It is also currently unknown how the partitioning of detail amongst model components influences the confidence that can be placed in predictions or projections (Smith 2002; Oreskes et al. 2010). For example, increasing the spatial resolution of a specific atmospheric physics model is justifiable in order to predict atmospheric dynamics more precisely (Shaffrey et al. 2009; Palmer 2012) but if its computational requirements restrict the inclusion of other details then the model may be less accurate than had an alternative atmospheric model formulation been adopted to allow other component processes to be represented more accurately. The adequacy of a model structure, including the level of detail, can be assessed by the degree to which predictions can recapture the known (and relevant) dynamics of interest, although such assessments are not in widespread use (Judd et al. 2008; Le Bauer et al. 2013; Smith et al. 2013).
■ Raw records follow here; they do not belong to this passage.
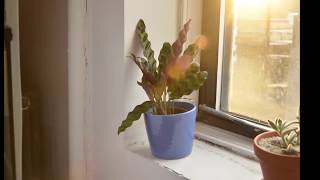 The Sill Time Lapse Calathea Rattlesnake [upl. by Radu]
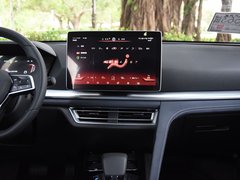 2019款 DM 1.5T 四驱性能版豪华型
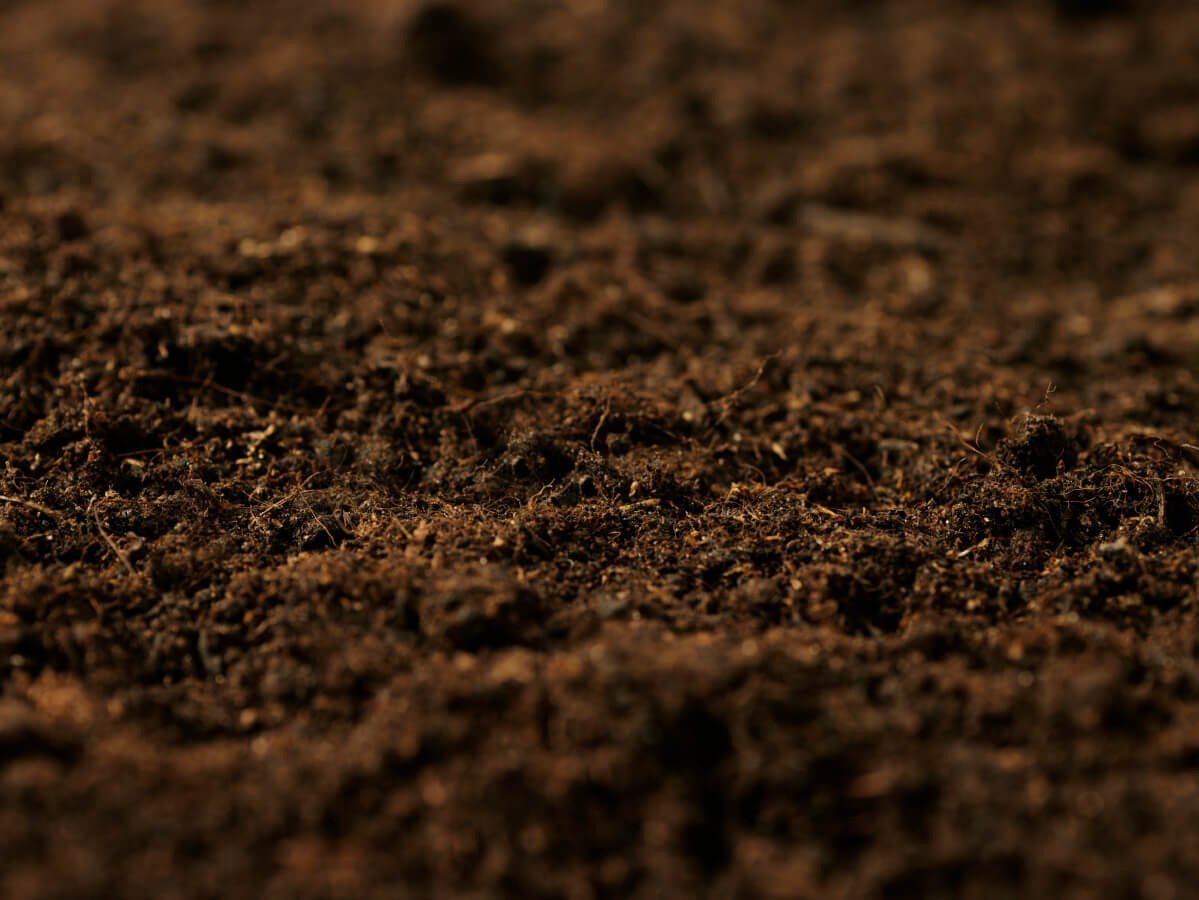 Земля почва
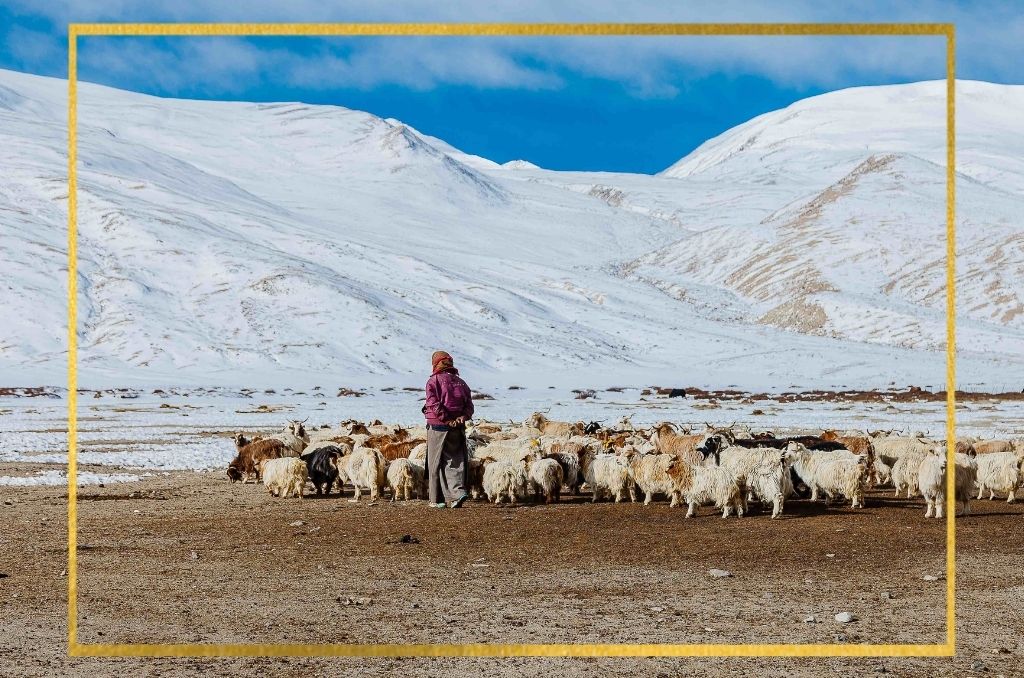 Where does Cashmere come from Pashmina Editorial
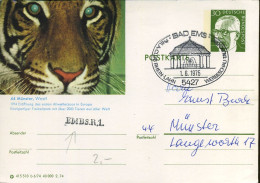 Postkarte - 44 Münster, Westfalen - Covers & Documents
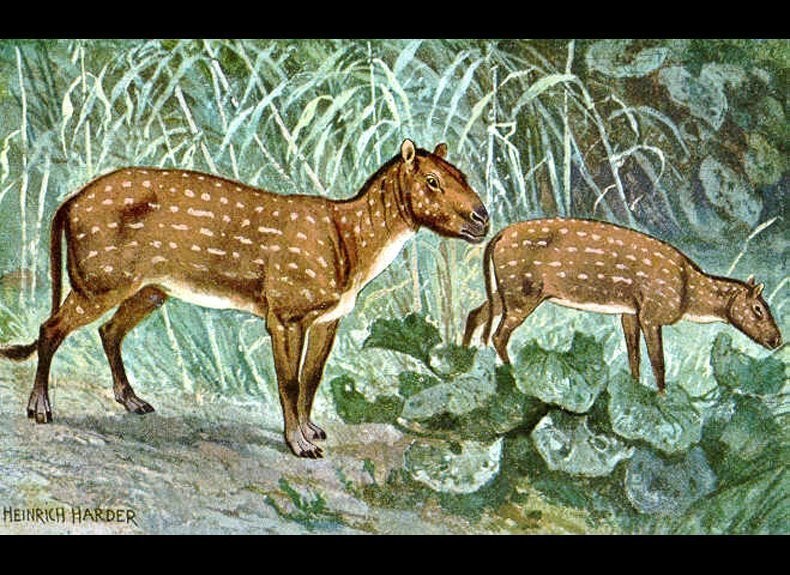 Hyracotherium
It is also worth being aware that, fundamentally, more detailed models can make worse predictions than simpler models. This could occur, for example, if mechanisms or parameters are included as if they apply generally where they are in fact applicable to a much narrower range of circumstances. This is more likely to occur if models are tested against unchanging datasets because it raises the chances of a hypothetical mechanism being found that explains the variance in the specific dataset. This is known as overfitting, in which overly detailed models make worse predictions than simpler models through being overly tuned to the specifics of the calibration or training datasets (Bishop 2006; Crout et al. 2009; Masson and Knutti 2013).
Inadequate justification of the balance of details in models of the Earth system ultimately makes it difficult to meaningfully compare the projections of different models. Intercomparison exercises [such as the current Climate Model Intercomparison Project (Doblas-Reyes et al. 2011; Meehl and Bony 2011; Stouffer et al. 2011)] illustrate the degree of consistency between projections. However, the diverse and incompatible approaches to formulating and simulating models cause major difficulties in allowing detailed intercomparisons and the origins of differences in projections to be understood. The fact that some models used in intercomparisons are related, either by ancestry or by adoption of common formulations, means that the variation between their projections may be an overly conservative and biased estimate of the actual uncertainty (Stainforth et al. 2007a; Tebaldi and Knutti 2007; Dessai et al. 2009; Schwalm et al. 2009; Frank et al. 2010; Knutti et al. 2010; Smith and Stern 2011; Rowlands et al. 2012; Bishop and Abramowitz 2013). A rigorous analysis of the large ensemble from the general circulation model available at www.climateprediction.net reassuringly highlighted that variation due to hardware and software differences had relatively small effects on variation in model projections and that the effects arising from parameter variation were much larger (Knight et al. 2007). While extremely insightful, this analysis was performed for just one model structure and so it is largely unknown whether these findings apply more generally across a wider range of models.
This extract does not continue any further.